■ INPUT DATA:

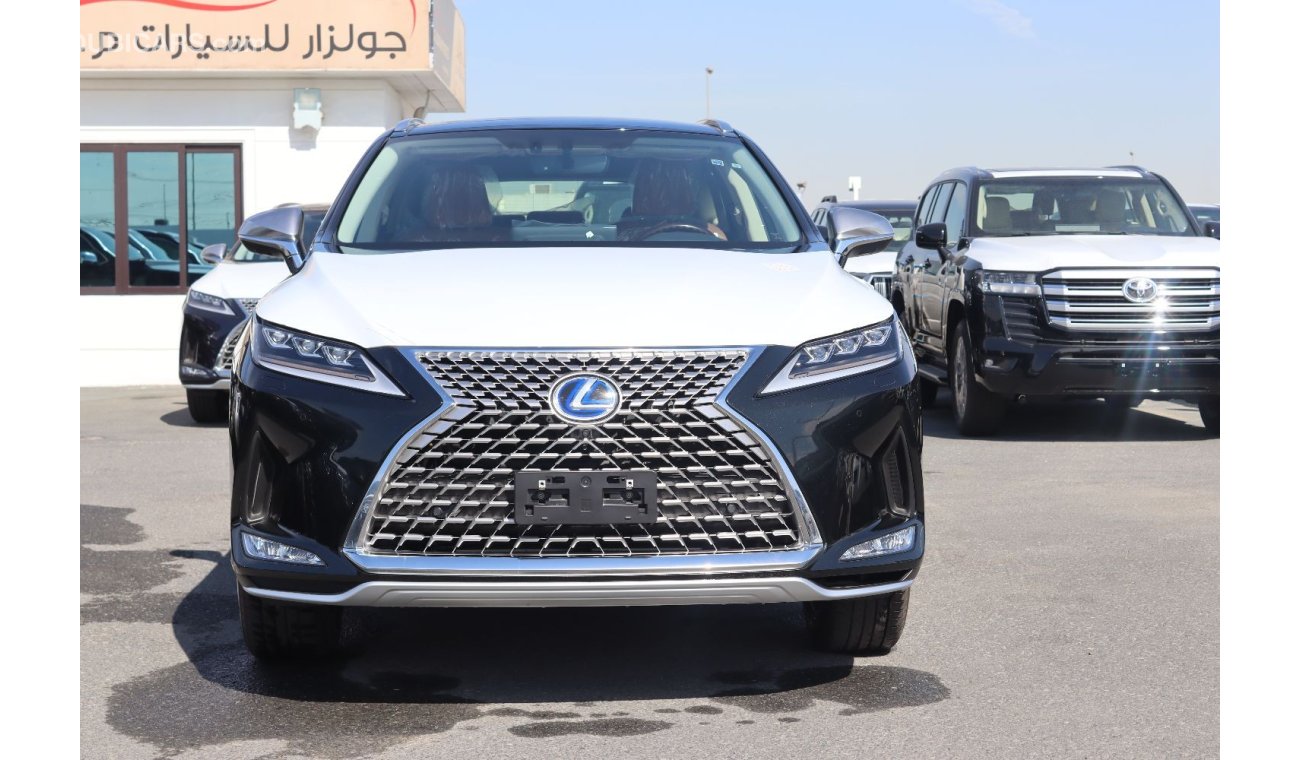 Lexus RX450h 2022 MODEL RX450 HYBRID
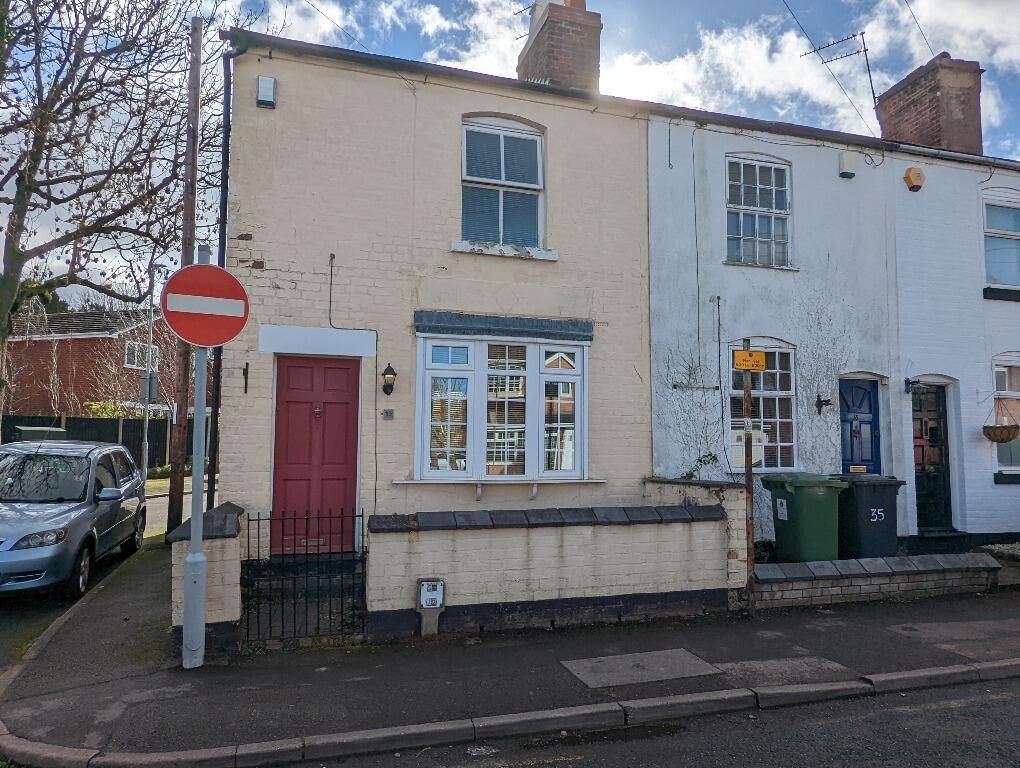 Terraced House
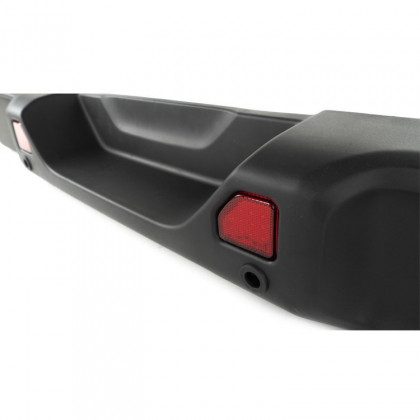 Rear plastic bumper OFD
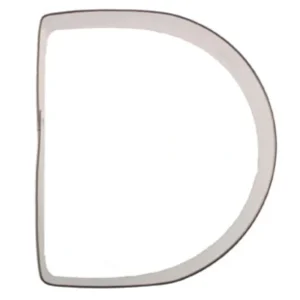Shop All^Letter D Cookie Cutter - cozylivehome.com | we sell a wide range of comfortable household items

■ EXERCISE:
Once you find the line that contains "Rear plastic bumper OFD", give it again along with every later line through the end of the data, word for word, minus the pictures.

■ SOLUTION BELOW:
 Rear plastic bumper OFD
Shop All^Letter D Cookie Cutter - cozylivehome.com | we sell a wide range of comfortable household items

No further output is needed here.